Driving with the presence of cannabis or amphetamine in an oral fluid sample

drug offence lawyer

This is colloquially known as a “s111 offence”, because that’s the section of the Roads Transport Act that renders driving with the presence of a drug, in your saliva, an offence.  But not any drug…… read on.

The mobile drug testing (“MDT”) units are limited to testing only for cannabis (pot, weed, green, hash, mull, dope, reefer, …..whatever has cannabis resin in it) and for the “amphetamine family” – MDMA, speed, ice, ecstasy, ketamine, (and other drugs that include an amphetamine – I’m sure there’s heaps I don’t know of.)  In short, the cannabis and amphetamine families of drugs.

You do not need to be impaired by the drug.  You don’t have to be “under the influence”.  If your driving under the influence, that’s a different offence! (s112).  To be clear about this: to be charged, you simply have to ingested/used drugs in the cannabis or amphetamine* family of drugs possibly days (maybe even weeks!), before you are given the Mobile Drug Test. (Unlike drink-driving – where you have to be impaired or affected by alcohol to be charged, over .05, with mobile drug testing, you do not have to be impaired to be charged.)

What happens then?:

If the first test, being the saliva sample at the roadside, shows a positive result to you having used/ingested the drug, then it’s back to the police station for a second test – generally the Drager test.  A machine at the police station that takes another fluid sample and tests it for the cannabis or amphetamine family of drugs.  (These Drager tests are often unreliable, and return a negative result, despite the first test at the roadside being positive.  Often people leave the police station thinking they are clear, but there’s a third test.)

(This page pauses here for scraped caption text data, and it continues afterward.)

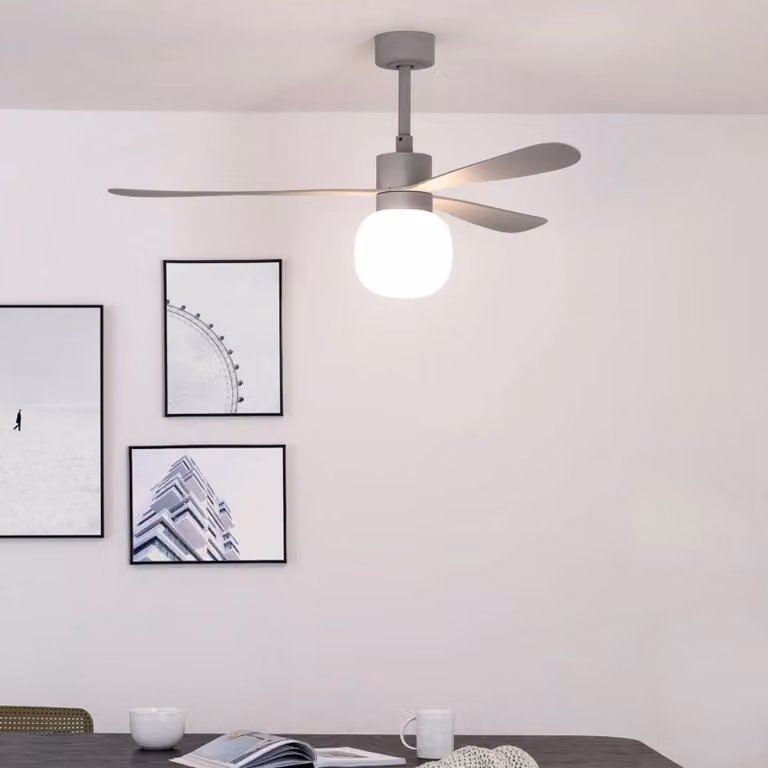FARO BARCELONA Ventilatore da soffitto LED Amelia Ball L, grigio, CC, silenzioso, 132 cm Ball, dimmerabile, Alluminio / Grigio / Zincato, Soggiorno / Sala da pranzo, Plastica, Moderno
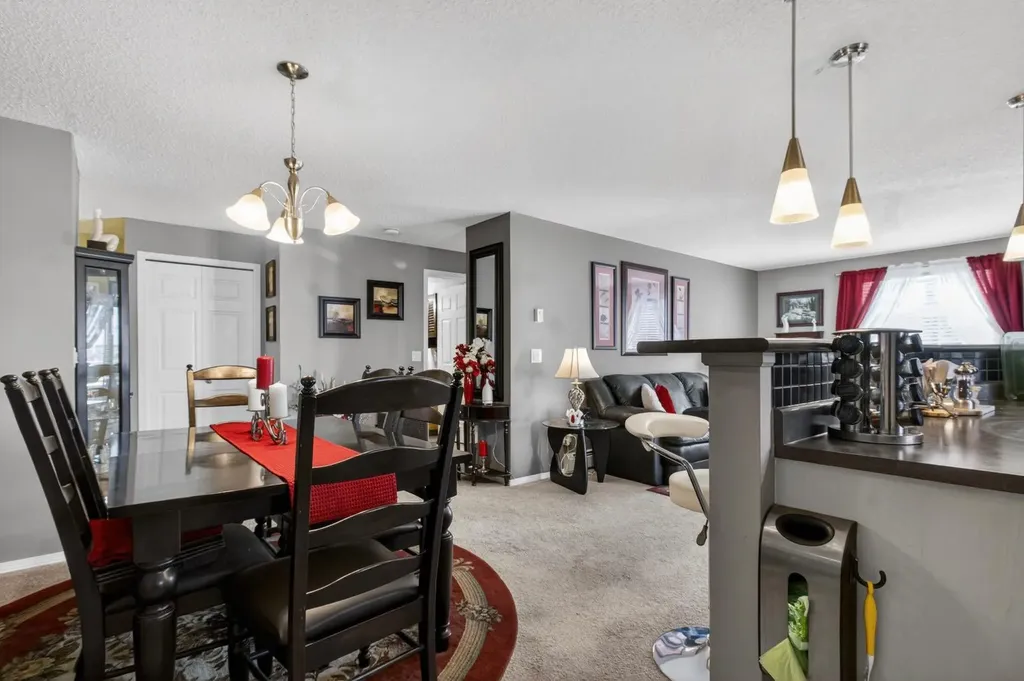 16320 24 Street SW Calgary AB T2Y4T7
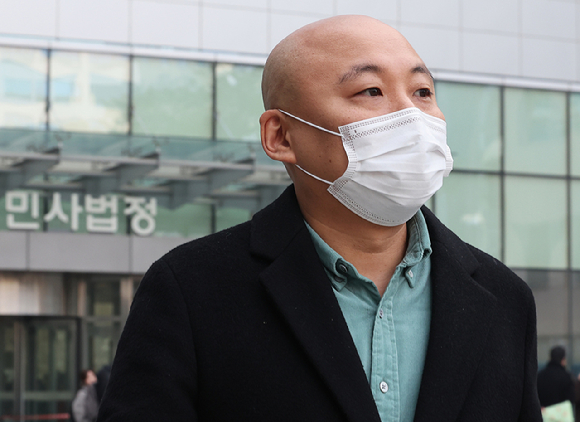 웹툰 작가 주호민씨가 지난 1일 경기도 수원지방법원에서 아들에 대한 정서 학대 혐의를 받아 기소된 특수교사 A씨 1심 선고 공판을 마치고 법원을 나서고 있다. [사진=뉴시스]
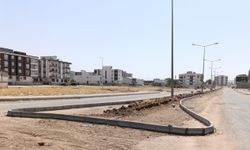 Bozulan Parke Yollar Tek Tek Yenileniyor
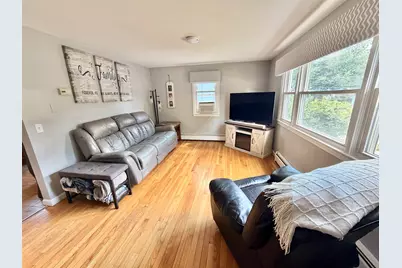 121 Michigan Avenue, Manchester, NH 03104 - Photo 9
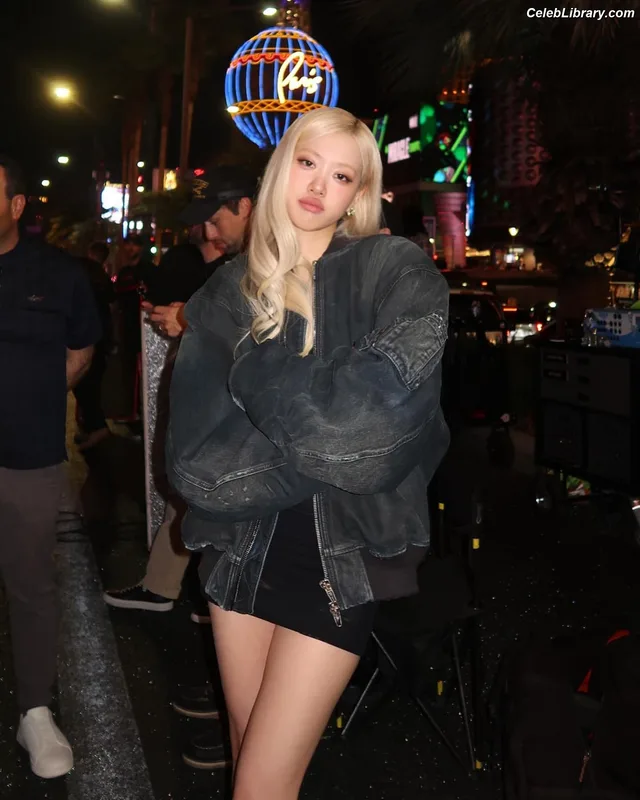 Rosé (BLACKPINK) photo 17 of 4338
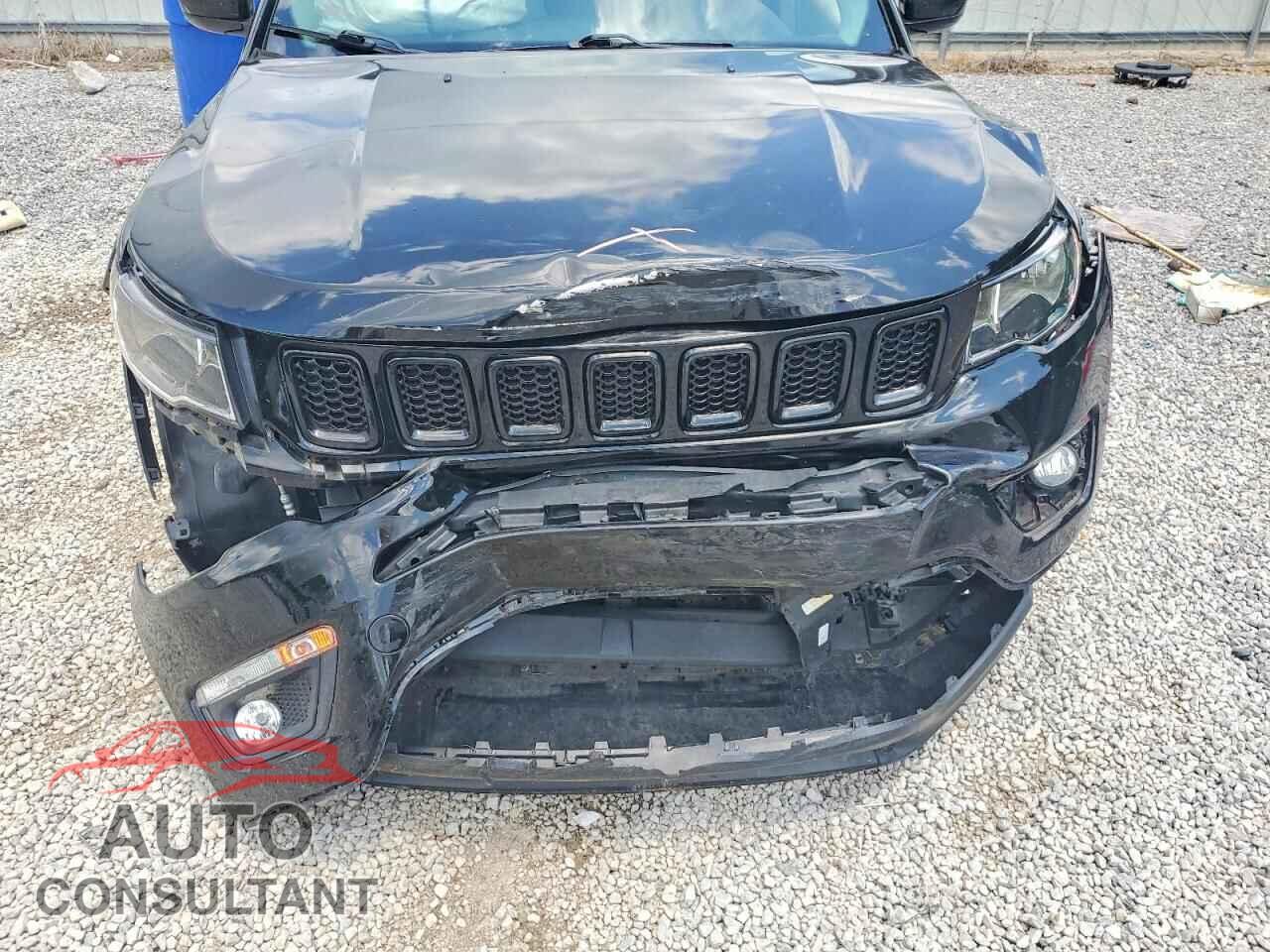 JEEP COMPASS 2018 - 3C4NJCBB3JT487511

Whether the Drager test is positive or negative, there is a third test.  The Forensics unit of the Police (called FASS) conduct this third test and it often takes weeks for the sample to be tested and the local police to be notified of the result.  If this FASS test is positive, the driver will be charged.  Often people who tested positive at the roadside, then leave the police station after the Drager test returning a negative result and think “phew, it was negative, I’m in the clear” – but they are unaware that their sample is being tested by FASS.

Then the Court Attendance Notice turns up with a court date, and sets out the charge:

S111 of the Road Transport Act: Driving with the presence of cannabis or amphetamine in an oral fluid sample

It is also an offence to drive with other drugs (such as cocaine, morphine, heroin, etc) present in a urine or blood sample, but clearly these urine and blood tests are not conducted at the roadside, under the current mobile drug-testing (“MDT”) regime.  The MDT is a saliva test.  If the police suspect another drug is present in a person’s system, the driver may be tested by urine or blood analysis.

 

This is NOT legal advice.  This is designed to take some of the mystery out of the law for ‘google-lawyers’.  I repeat – it is not legal advice.  But we hope it helps.